Senate bill would prevent SBA from becoming direct lender

Sen. Tim Scott introduced a bill to prevent the Small Business Administration from becoming a direct lender Tuesday, the Protecting Access to Credit for Small Businesses Act (S. 3382). The bill would prevent the SBA from directly making loans under the 7(a) program.

“We support all efforts to prevent SBA from becoming a direct lender and thank Sen. Scott for this legislation,” said CUNA President/CEO Jim Nussle. “The current public-private partnership between lenders and the SBA benefits everyone involved, helping foster important relationships between businesses and their community. Turning the SBA into a direct lender would negatively affect these relationships and disrupt the current system at a time when small businesses need access to capital more than ever.”

CUNA wrote Scott in support of the bill Tuesday, noting that SBA’s government guaranteed lending programs epitomize a successful public-private partnership.

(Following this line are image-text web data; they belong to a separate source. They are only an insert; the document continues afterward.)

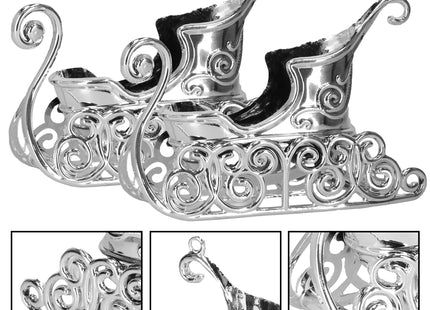 Kerstboomhanger | Slee | Zilver | 2 Stuks | 11.5 cm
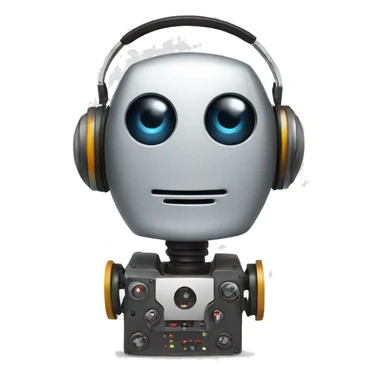robot listening to music sticker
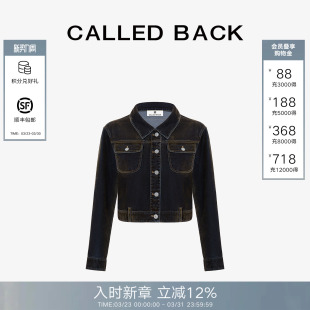 双口袋翻领夹克休闲上衣 短款 Called Back复古牛仔外套女2026春季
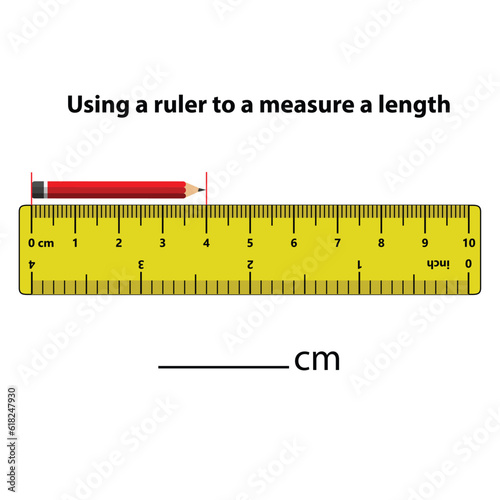 Measuring length in centimeters pencil. with the ruler. Education developing worksheet. Game for kids. Puzzle for children. Vector illustration. cartoon style.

“This public private partnership works as borrowers can obtain loans from financial institutions that they know well and that have vested interests in their borrowers’ success. Furthermore, when working with local lenders, small businesses are likely to benefit from guidance and experience from a lender with a stake in helping the borrowing business succeed,” the letter reads. “By becoming a direct lender to small businesses, the SBA is likely to harm local financial institutions’ relationships with businesses and possibly hamper these businesses from establishing important banking relationships that can only help their business survive and flourish.